Qualitative comparison between simulated design solutions

The quantitative analysis, presented in Table 33.1, shows that there were no significant changes between the conventional and obstacle propositions, when the data obtained after 300 s of simulation were compared. Some considerations, however, are necessary: (i) In the proposals for the analysis of the formation of walking ways, the conventional scenario was more efficient than the scenario with obstacles; (ii) in the propositions whose objective was to evaluate bottlenecks and intersections, both were more efficient after the insertion of driving obstacles and flow; (iii) the flows were calculated based on the number of pedestrians who entered the network in each simulated proposition, including those who did not complete the course at the end of the simulated 300 s.

Table 33.1 Quantitative results of analyzed propositions

7 Final Considerations

Considering the relevance of understanding the consequences of collective movements considered complex, especially in the design phase of architectural spaces intended for large audiences, modeling based on social forces has been effectively used for pedestrian simulations in normal and panic situations.

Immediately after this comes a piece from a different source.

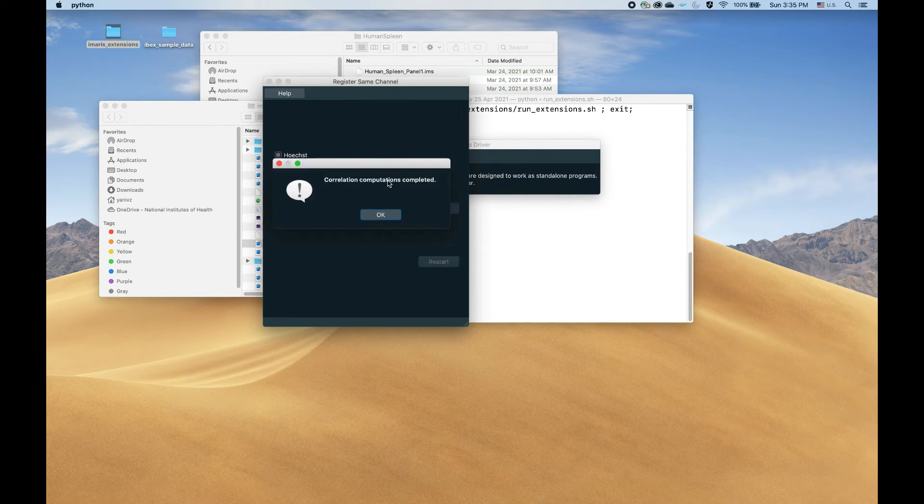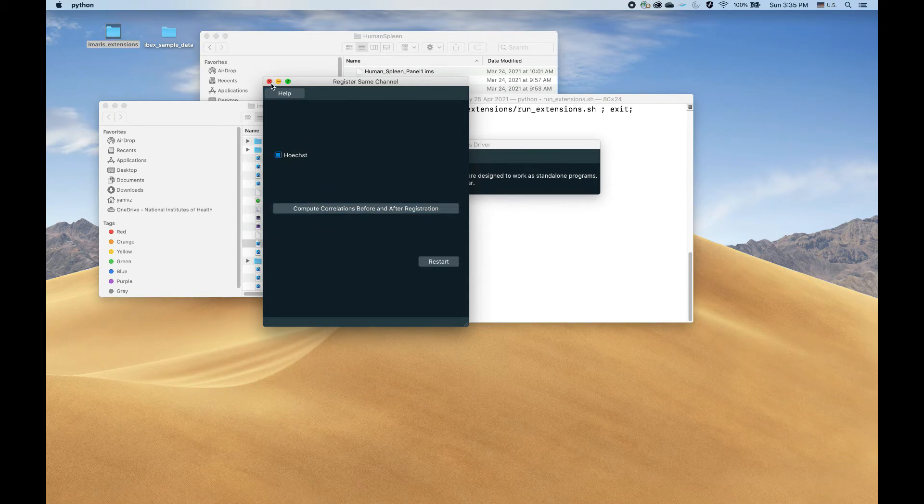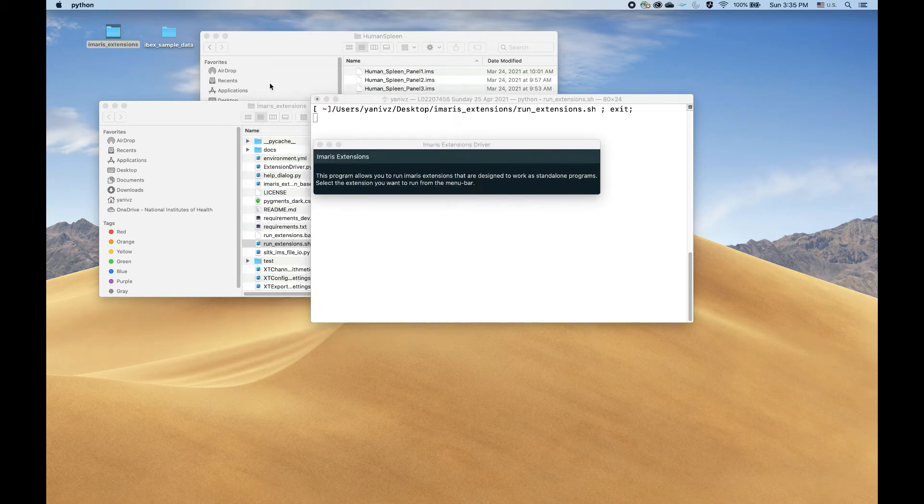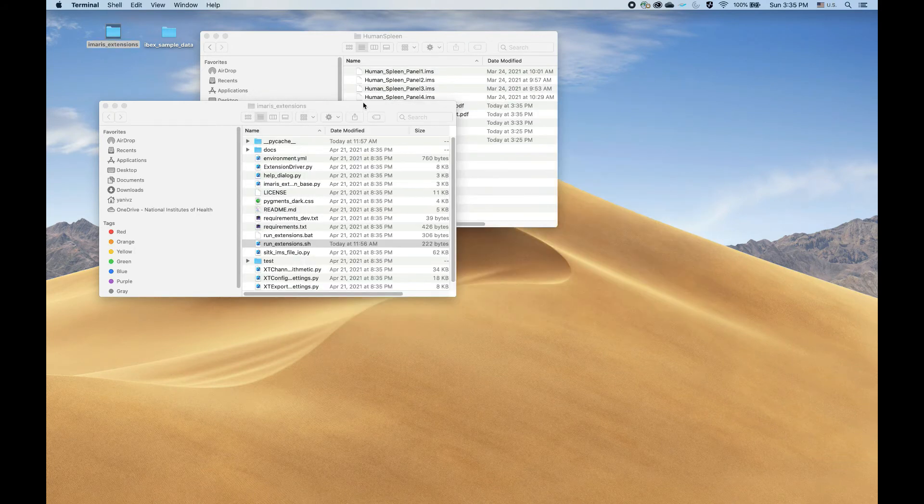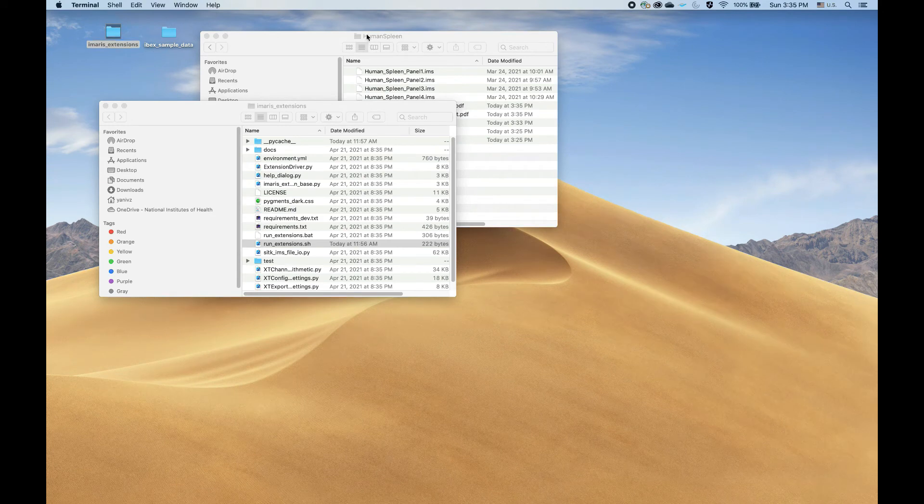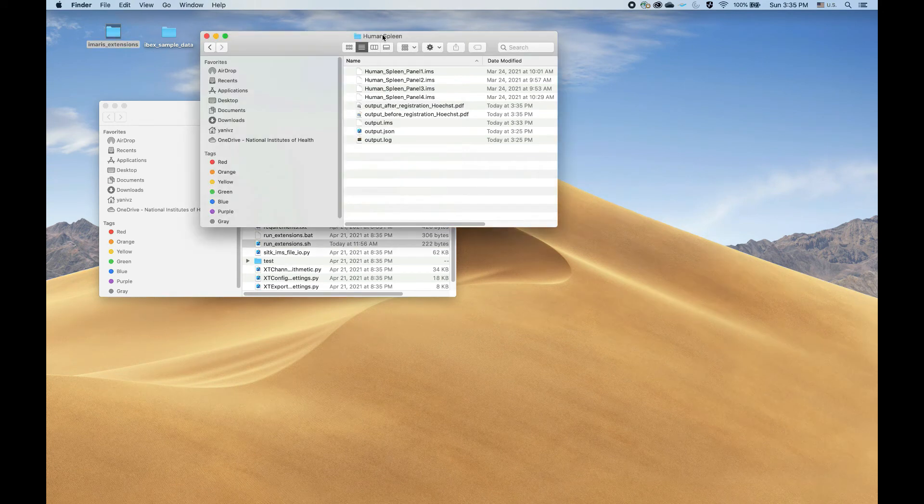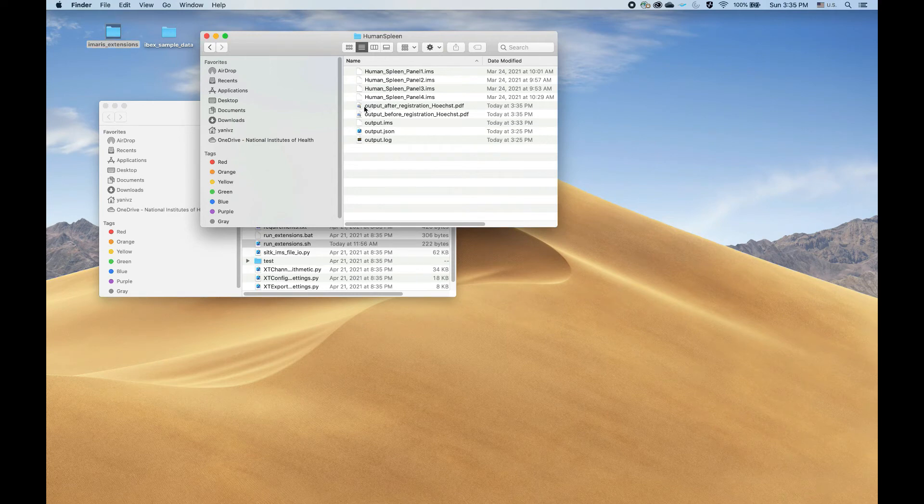Okay, so we've completed the computations, and now we can take a look at what came out of all this registration. Let's close all the extension information there, and the output from the extension if you enable all outputs are five files.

However, few studies have focused on understanding the impact of the built environment and its geometric characteristics on crowd dynamics. Thus, it was the intention of this research, besides discussing several phenomena of the crowd dynamics in normal and extreme situations, to analyze the flow of pedestrians from different design solutions. The qualitative and quantitative results indicate that it is possible to obtain more efficient flows with the insertion of obstacles or with the adoption of architectural forms that induce the walking path of pedestrians in a crowd. Since they do not represent an exhaustive approach, the simulations analyzed here require further studies to confirm the observed trend.